Americans' concerns about moral decline

Rakesh Bhandari bhandari at phoenix.Princeton.EDU
Sun Jun 27 19:20:04 PDT 1999


> Last week I read an
>essay by Homi Bhabha where he mentioned that the "Indian historian Veena
>Das demands a historiography of the subaltern that displaces the paradigm
>of social actions as defined by primarily by rational action" (in
>"Postcolonial Authority and Postmodern Guilt") Sounds intriguing --
>anyone know of any works by the subaltern studies writers that fits the
>questions being asked here?

Adam,

The Subaltern School's Founder Ranajit Guha has long argued that historians have played little attention to the religious consciousness of rebellious peasants ( see Selected Subaltern Studies, ed. Guha and Gayatri Spivak); there has been some criticism that the rebellions that subalternists may ascribe to spontaneous religious consciousness were actually inspired, if not organized, by self conscious leftist political parties. Irfan Habib and Bipan Chandra are likely to have voiced such criticism.

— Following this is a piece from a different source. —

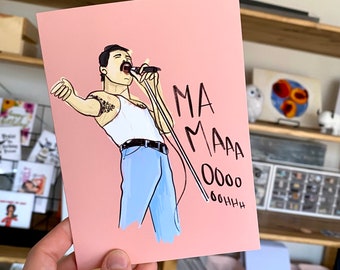 Mom Birthday Card Funny Freddie Mercury | Greeting Card | Bohemian Rhapsody Queen Blank Inside Envelope Included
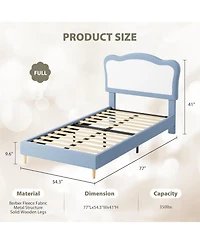 gaomon Twin Bed Frame Two Tone Scalloped Headboard Velvet Princess Platform Wood Slats No Box Spring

It has been told to me that a comparison of Bhaba and Michael Taussig on the question of mimicry in a colonial context is illuminating.

After having skimmed a couple of seemingly profound books, Elizabeth M Baeten The Magic Mirror: Myth's Abiding Power and Jon Krois' biography of Ernst Cassirer, I must say that what seems crucial for our discussion here is this philosopher's attempt to understand how the worse forms of barbaric political activity ("hero worship, highly ritualized activity, incantatory slogans, stylized images, and symbols evolking massive displays of raw emotion") would prove unassailable to reason. It is Cassirer's struggle over the return of seemingly anachronistic mythic thought, the structure of which he elaborated in the greatest detail, that seems to be a good stepping off point for this discussion.

Baeten also compares Cassirer to Roland Barthes. About the latter she writes:

"The mechanics of mythmaking are quite specific in Barthes' model. Myth is the elision of the historically determined and determinable character of the motivated signified in a second order semiological system or metalanguage." p.104

She walks the reader through Barthes' Mythologies before this pithy formulation (which I do not understand presently but it seems very interesting, no?), and then compares Barthes to Cassirer. But I only read the first 90 pages of the book when I was trying to get a handle on Cassirer's analysis of the mythic structure of race ideology as discussed in his book *The Myth of the State*.

I know Chuck G has read Cassirer based on some very stimulating messages he sent to LBO-Talk when it was still young. I have not done a study of Cassirer. Baeten's book is helpful--at least the first chapters that I read.